DNC Fraud Lawsuit Provides Update, Hope
DNC Fraud Lawsuit Provides Update, Hope by Elizabeth Vos – DisObedient Media
Disobedient Media previously reported that the DNC Fraud lawsuit had been dismissed by Judge Zloch. Today, Elizabeth Beck, one of the attorneys for the plaintiffs in the case against the DNC, posted a video update on the suit’s status via social media. The update provided hope for supporters and plaintiffs in the case for the potential that the litigation might continue through the appeals process.

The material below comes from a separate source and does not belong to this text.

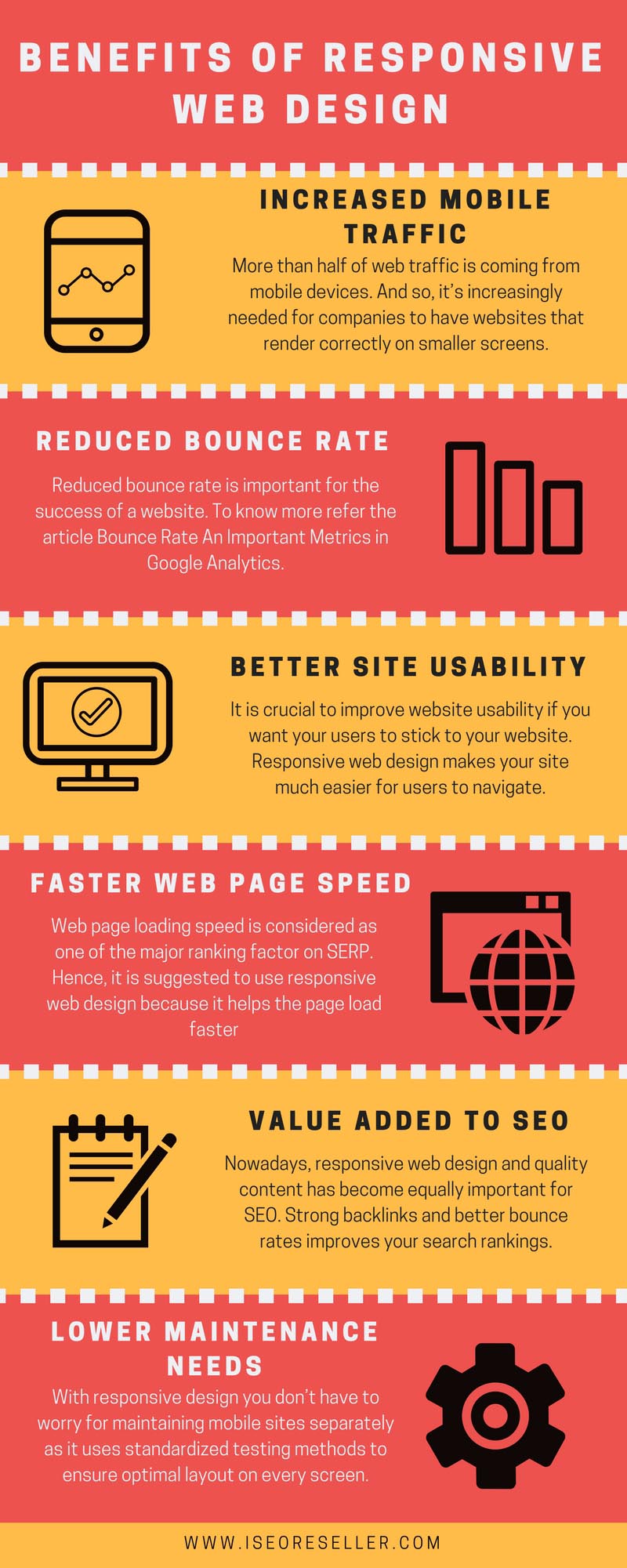 Adwords Search Term Report infographic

Beck explained that as judge Zloch had dismissed the case on jurisdictional issues, a new case brought in a separate court could potentially use his ruling as “persuasive evidence.” She cited rule four of the civil rules of federal procedure, which she explained states that in a civil case, the notification of appeal required by rule three must be filed with a district clerk within 30 days after entry of the judgement that the order appeared from. She explained that the thirty days will be concluded on September 24th 2017, approximately 3 weeks from now.

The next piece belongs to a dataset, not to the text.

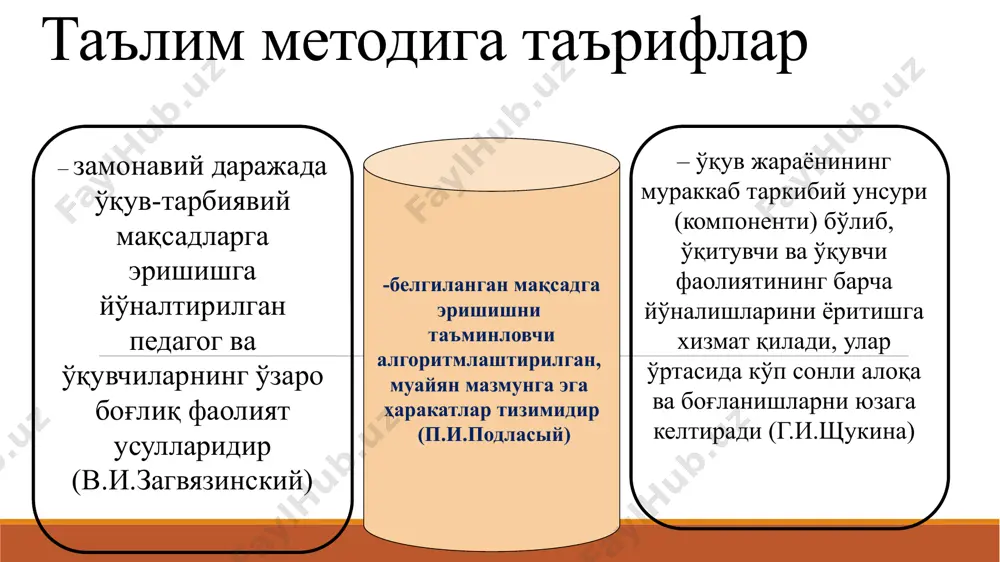продуктив, эвристикк мустақил ишлар, ўқитувчи раҳбарли-гидаги ишлар ii. ўқув фаолиятини рағбатлантириш методлари: 1.ўқишга қизиқишни уйғотиш 2.ўқишда бурч ва масъулиятни шакллантириш iii. назорат методлари: - оғзаки назорат, -ёзма назорат, -лаборатория-назорат, -тест таълим методларини танлаш асослари: ўқитишни мақсади, вазифалари қараб; таълим мазмуни ва ўқув предметининг хусусиятларига қараб; ўқув материалининг ҳажмига қараб; ўқувчиларнинг тайёргарлик даражаси, фаоллиги ва қизиқишига қараб; ўқитиш вақтига қараб; техник ва ташкилий таъминланганлигига қараб; олдинги дарсларда қўлланилган методларга қараб; ташкилий шаклига қараб; ўқувчиларнинг миқдорига қараб; ўқитувчининг тайёргарлик даражасига қараб таълим воситалари – ўқув жараёнини ташкил этиш, амалга ошириш учун ва бошқа турли вазифаларни бажариш учун қўлланилаждиган моддий, маънавий ва маданий объект ва предметлар йиғиндисидир кўргазмали воситалар: предметли (гербарий, хайвоналр минераллар ва ҳ.к) тасвирли (сўз, белгилар, расмлар, сурат, макет (ҳажмли) схема, карта, адабий қаҳрамонлар). техник воситалар: визуал (диафильм, кодоскоп, слайд) аудио (cd диск, радиоэшиттириш) аудивизуал (телевидение, кинофильм, dvd диск) универсал (компьютер, диск) таълим воситаларининг вазифалари: , предмет, ҳодисаларни турли ҳолатларда ифода …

Elizabeth Beck went on to say that if no notice of appeal is filed by that time, then there would be no appeal. She recognized that many members of the public have expressed their desire for the case to continue, adding that it is the most viable route going forward, as opposed to new cases being filed. Beck noted that at present there are three law firms involved in this suit, including Beck and Lee. She stated that Cullin O’brien, a Harvard Law grad, and Tony Hernandez are both solo law practitioners with their own firms
She explained that because of the usual terms of plaintiff’s contingency lawyers, the Becks have not been paid throughout the case; Beck emphasized on this point that her statement in that regard was not a complaint, but simply the normal routine procedure in this type of suit. Elizabeth Beck further explained that since the case had been dismissed, no copycat cases had been filed anywhere in the country. She said that the lawyers involved in the suit are in no way obligated to take the case further, and that they have never solicited donations to fund this case; it is not the way plaintiff’s contingency cases work.